The composition of cell tissue in a colorectal polyp, as seen by NBI, can be divided into three types called NICE classification:
NICE 1: The polyp’s cell tissue still has a normal composition. In this case, the doctor will order follow-up checks to monitor the development of the polyp. However, he/she will not need to remove the polyp because the chances of it being cancerous are still very slim.
NICE 2: The composition of the cell tissue looks similar to a net, which indicates that the cells could eventually become cancerous. The doctor will therefore remove the polyp immediately using a coil or a special type of electric knife.
NICE 3: The cell tissue appears wild and disorderly, much like cancer cells. In this case, the doctor may not remove the whole polyp using a colonoscope, but may use tissue acquisition instead. The patient will need a consultation with an oncologist to assess which method of removing the polyp is most suitable.
The use of the NBI technique gives a more precise diagnosis. It also makes it easier for the doctor to devise a treatment plan. NBI can identify even the smallest polyps, as little as 5mm in diameter. This, thus, allows the doctor to calculate as accurately as possible whether the polyps pose a risk to the rest of the body. With a white-light colonoscopy, however, such small polyps might go unnoticed.
Still, the effectiveness of any colonoscopy using NBI largely depends on the expertise of the doctor and his/her mastery of the technique. It depends specifically on his/her adeptness at reading the results of the epithelium screening. Moreover, since there are only a small number of doctors who are experts in this technique, hospitals often overlook NBI as a screening option. This should not be the case, however. Infact, NBI offers a safe alternative to chromoendoscopy, as doctors just need to inject the patient with a dye or stain.

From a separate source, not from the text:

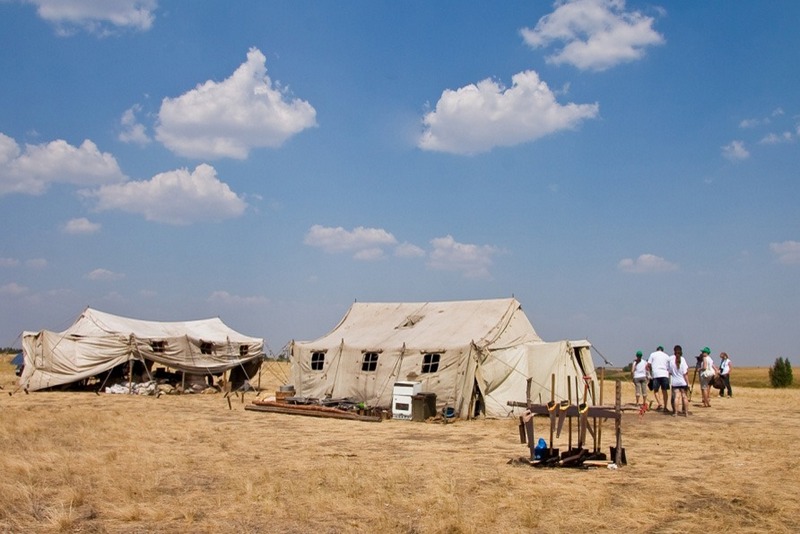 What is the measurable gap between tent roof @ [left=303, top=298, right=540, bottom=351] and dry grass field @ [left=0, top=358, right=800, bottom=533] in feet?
13.5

Artificial Intelligence (AI) Technology from Japan
Artificial intelligence (AI) can be used to assist in colonoscopy procedures as a way of developing higher quality detection through increased accuracy when identifying polyps, which are the most common cause of colon cancer. Some polyps are so tiny or hidden away that a traditional colonoscopy makes them difficult to spot. However, doctors using AI technology are now more likely to detect such polyps. Additionally, AI can also help to reduce colonoscopy procedure times, giving doctors the feeling of having an extra pair of hands and eyes when trying to spot polyps located in the patient’s colon. This allows for the polyps to be removed immediately during the colonoscopy, avoiding unnecessary hospital stays and surgeries for patients.